Fr Bob Maguire, Australia’s “patron saint of the unloved and unlovely” has been farewelled at a state funeral attended by people of all walks of life, held at St Patrick’s Cathedral, Melbourne, on 5 May.
In eulogies, reflections and thanksgivings Melburnians gave thanks for the life and work of the former parish priest of Sts Peter and Paul South Melbourne, who was well-known for both his work among the struggling and marginalised and for his irreverent sense of humour in media appearances on TV and radio.
Archbishop Peter Comensoli of Melbourne was principal celebrant at the Requiem Mass, and the Archbishop of Brisbane, Mark Coleridge, preached the homily.

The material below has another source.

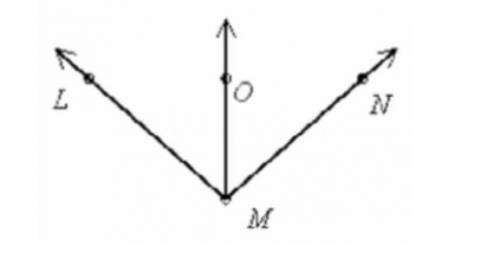 MO bisects angle LMN, and angle LMN =5x-22, and angle LMO=x+31. Find angle NMO. The diagram is not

Victorian Premier Daniel Andrews rubbed shoulders with infamous underworld personality Mick Gatto, current and former MPs, family and members of Fr Bob’s wide community of friends and congregants.

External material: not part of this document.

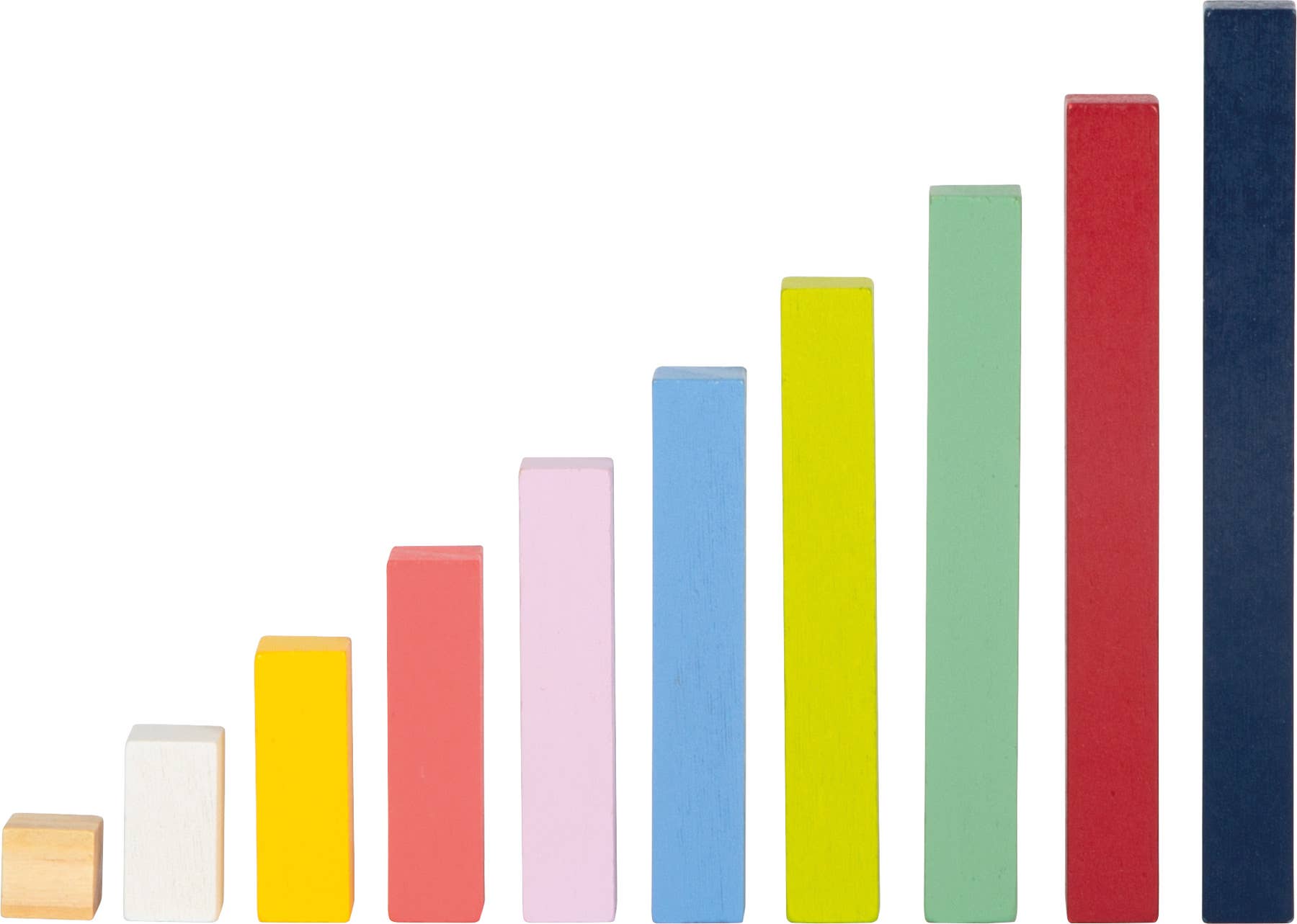 small foot - Wholesale Wood Toy - Kids - Learning box calculation sticks numbers “Educate” | educational game | wood2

They packed the cathedral to celebrate a man whose religion was “sticking together through adversity” and who “reached the interfaith, the lapsed in faith, and those with no faith at all,” as Mr Andrews said in his eulogy.
“To see Bob in action was to witness something akin to a Biblical scene,” he said.

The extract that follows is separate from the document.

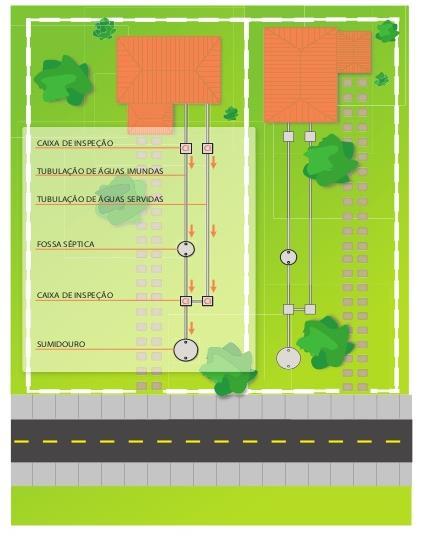 Figura 36- Detalhe de Locação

Fr Bob’s friend and media collaborator, the comedian and writer John Safran, said he had “spent so much time with Fr Bob over 20 years I feel like I can auto-generate an AI chat” about the state funeral.
“Bob, you’re dead, do you want a state funeral? ‘No.’ Why not?” Mr Safran quipped, before imitating the departed priest’s trademark voice and style:
“Oh, I’m not sure about the state and the church colluding in matters spiritual. It worries me. I want a Tibetan sky burial where you’re taken up the mountain and eaten by the birds.”
Mr Safran continued: “You always said there’s no you and me, there’s only we, and the great we, the people who loved you, need a chance to come together and say goodbye.
“And they’re not going to fit on top of that mountain in Tibet. And [Bob would] say, ‘Ok, have the funeral. But no flags.’”
In his homily, Archbishop Mark Coleridge paid tribute to Fr Bob’s influence on his own vocation to priesthood, and gave a detailed character study of a priest who was “a rebel within the church … the outsider who was, and needed to be, an insider.”
“Bob made the Catholic Church and the priesthood seem exciting, even fun,” Archbishop Coleridge said.
“He called us all on an adventure, and that call has deeply shaped not only my life but the lives of so many others.”
“He rolled up his sleeves and got stuff done. He was down to Earth, had mud on his boots. He didn’t judge, nor condemn. He wasn’t tribal but opened his door to all.
“And not least, he had an unrivalled and uncontrived sense of humour. Now put that profile together and you have the kind of religion that has a chance in this country.”